First find the line with "Edding Guest resses", then reproduce it and all following lines of the data to the end, exactly and with no pictures, adding nothing.

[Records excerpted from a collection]
◇ ◇ ◇ ◇ ◇

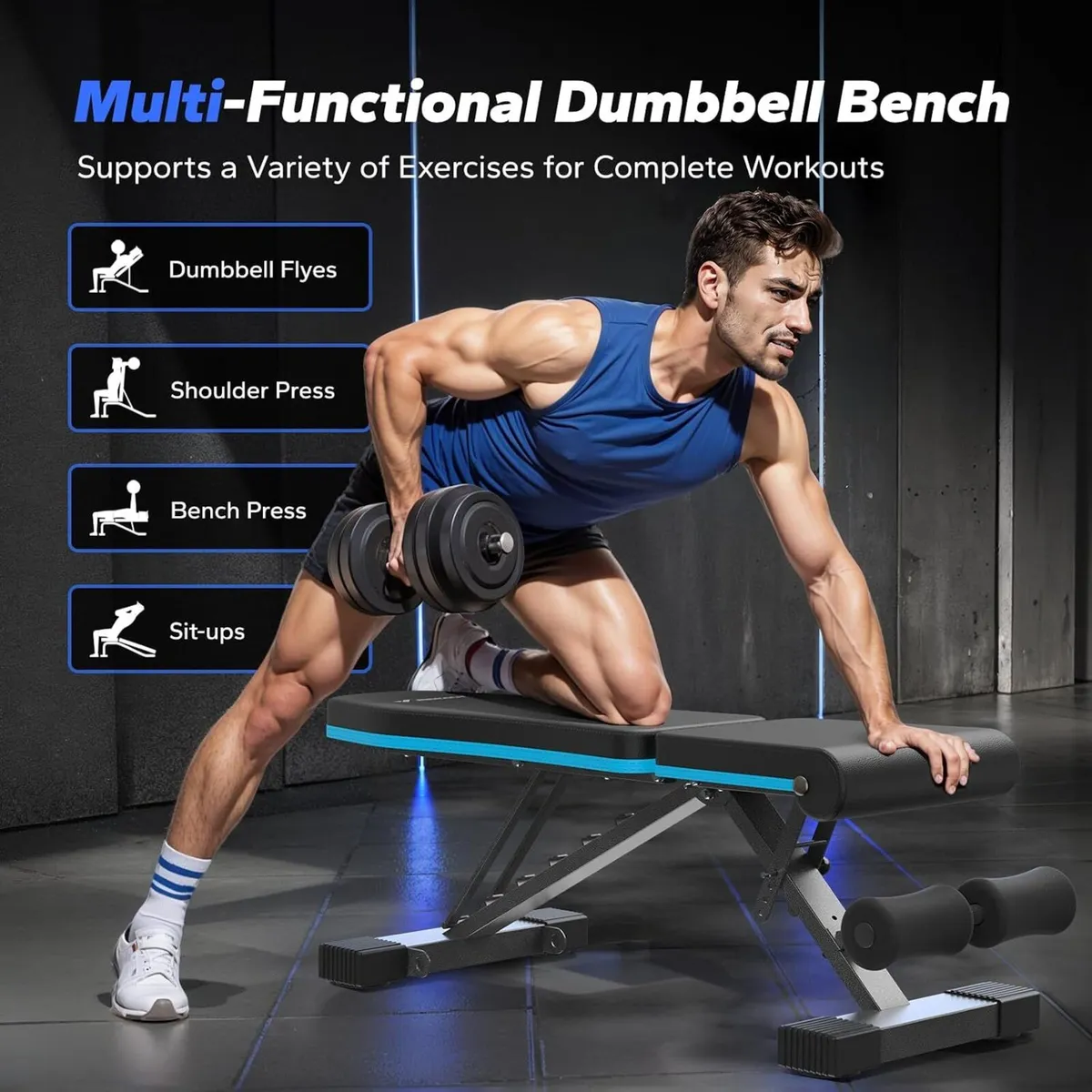 Weight Bench Foldable for Home Gym 72 108 - Image 4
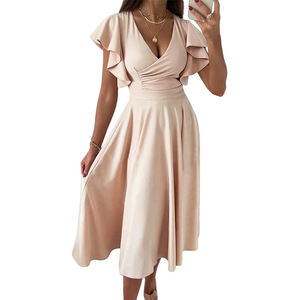 Edding Guest resses para omen <span class=keywords><strong>2023</strong></span> Summer Eck cuello IDI engength eehearsal Inner ONG RESS - Product Image 5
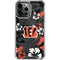 NFL Cincinnati Bengals Tropical Print iPhone 15 Pro Max Clear Case
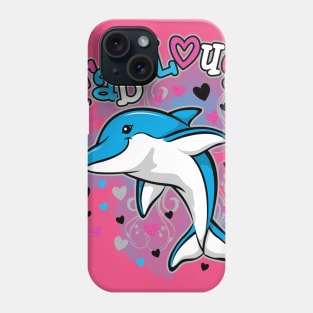 Dolphin Fabulous kids t-shirt Phone Case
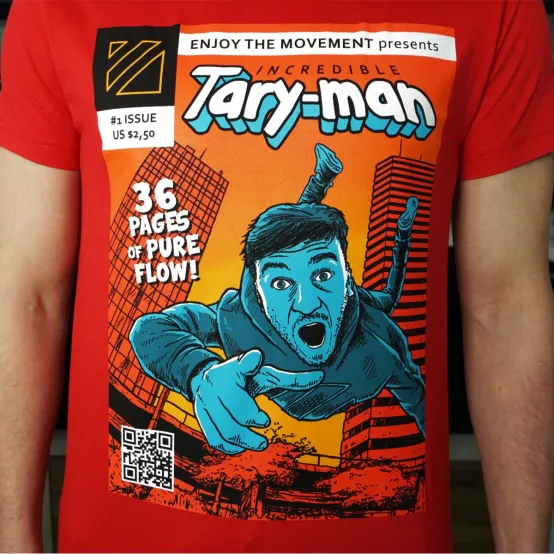 Tričko Tary-man Červené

◇ ◇ ◇ ◇ ◇

WRITTEN REPLY ▸
 Edding Guest resses para omen <span class=keywords><strong>2023</strong></span> Summer Eck cuello IDI engength eehearsal Inner ONG RESS - Product Image 5
 NFL Cincinnati Bengals Tropical Print iPhone 15 Pro Max Clear Case
 Dolphin Fabulous kids t-shirt Phone Case
 Tričko Tary-man Červené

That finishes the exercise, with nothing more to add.